A atleta paranaense Flavia Maria de Lima, velocista pentacampeã dos 800 metros, recebeu com alegria a notícia de sua convocação para as Olimpíadas de Paris em 2024. No entanto, a conquista veio acompanhada de uma séria preocupação: a possibilidade de perder a guarda de sua filha de seis anos.
Atualmente, Flavia compartilha a guarda da criança com seu ex-companheiro, que recentemente moveu uma ação na Justiça acusando a atleta de abandono parental devido às viagens necessárias para competir.
Em sua conta no Instagram, a velocista revelou que cada viagem para buscar a vaga olímpica, mesmo dentro do Brasil, tem sido usada pelo pai da criança como argumento para alegar abandono materno.
Relação abusiva
Nas redes sociais, Flavia compartilhou detalhes de seu relacionamento abusivo, que começou antes mesmo do nascimento de sua filha em 2018, dois anos após sua estreia olímpica na Rio-2016. "Quando contei para meu então companheiro que queria ser mãe, ele disse que não queria ser pai. Mas hoje usa a filha para perpetuar violência após o término do relacionamento abusivo", relatou.
A atleta descreveu a exaustiva rotina que enfrentou como mãe, atleta e dona de casa sem nenhuma ajuda.
"Lavar, cozinhar, passar enquanto o bebê dormia. Era a exaustão extrema."
As dificuldades a levaram a mudar para a prova dos 3.000 metros com obstáculos, sem o mesmo sucesso.
Em 2021, Flavia decidiu deixar a filha com sua mãe por dois meses para treinar em São Paulo, na busca por uma vaga olímpica, mas terminou em 51º no ranking, fora das 48 classificadas.
A queda de categoria no Bolsa Atleta impactou financeiramente a vida da atleta, que começou a fazer crochê para vender, além de sua rotina já sobrecarregada.
"Se eu não conseguisse fazer o almoço para terminar uma encomenda e pedisse para ele comprar uma marmita, ele reclamava. Disse com todas as letras que era minha obrigação ele chegar em casa e estar com a comida feita, a roupa lavada, servi-lo em todos os sentidos", revelou Flavia.
Apoio e lesões
A atleta só conseguiu continuar sua carreira graças ao apoio de uma amiga que cuidava de sua filha para que ela pudesse treinar.

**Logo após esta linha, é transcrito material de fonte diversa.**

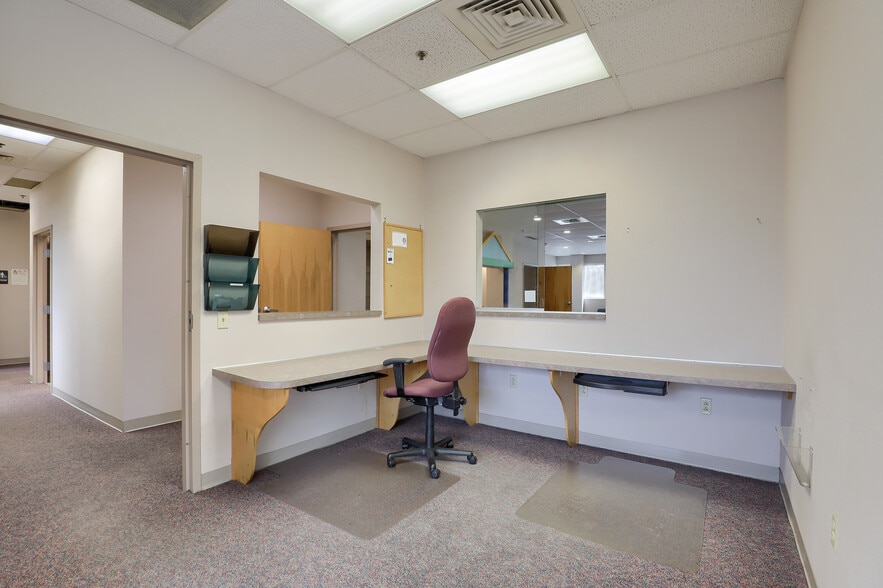 More Photos Of 1991 State Hill Rd, Wyomissing Medical For Lease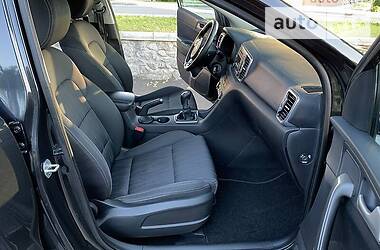 Позашляховик / Кросовер Kia Sportage 2017 в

Em 2022, uma lesão na panturrilha quase a tirou das competições. Flavia enfrentava uma rotina árdua, carregando a filha diariamente até a escola por 6 km, sem tempo para cuidados essenciais como massagem ou fisioterapia.
Mesmo após um rompimento de grau 2 na panturrilha, o pai da criança só comprou uma bicicleta com cadeirinha quando Flavia não conseguia mais andar.
Durante a reforma da pista na cidade de Campo Mourão/PR, Flavia precisou treinar cinco meses em São Paulo, deixando a filha com o então marido. Ao retornar, a criança relatou situações que a convenceram a pedir o divórcio.
Machismo e desafios
"Na história dos Jogos Olímpicos, nenhum pai foi acusado de abandonar filhos por trabalhar como atleta para o sustento deles. Eu sou, e só porque sou mãe, logo mulher", desabafou Flavia.
A atleta afirma que enfrenta "uma correnteza de acusações" do ex-companheiro, que tenta "atrapalhar sua carreira e resultados".
Segundo Flavia, o pai da criança nunca a visitou na casa da mãe de Flavia, em Campo Tenente/PR, exceto quando ela mesma levou a filha a Campo Mourão.
A cada nova convocação, ele peticiona no processo para alegar abandono. "Eu vim para a Europa com medo de perder a minha filha. O amor que tenho pela minha filha é imenso demais. Mas vim por nós duas, não vim a passeio. Eu vim pelo meu trabalho, em busca de algo melhor para nós duas", concluiu a atleta.
Olimpíadas de Paris
Nesta semana, já em Paris, a atleta afirmou que sua ida à competição é também uma forma de resistência, “um recado a todas as mulheres que estão passando por um processo de divórcio ou de guarda de filho, que vocês podem muito mais do que pensam”.
Ela também destacou que “não é um homem ou um sistema um pouquinho machista que vai diminuir seu valor. A gente tem que ser resistência, lutar pelo nosso direito e ser uma voz ativa”.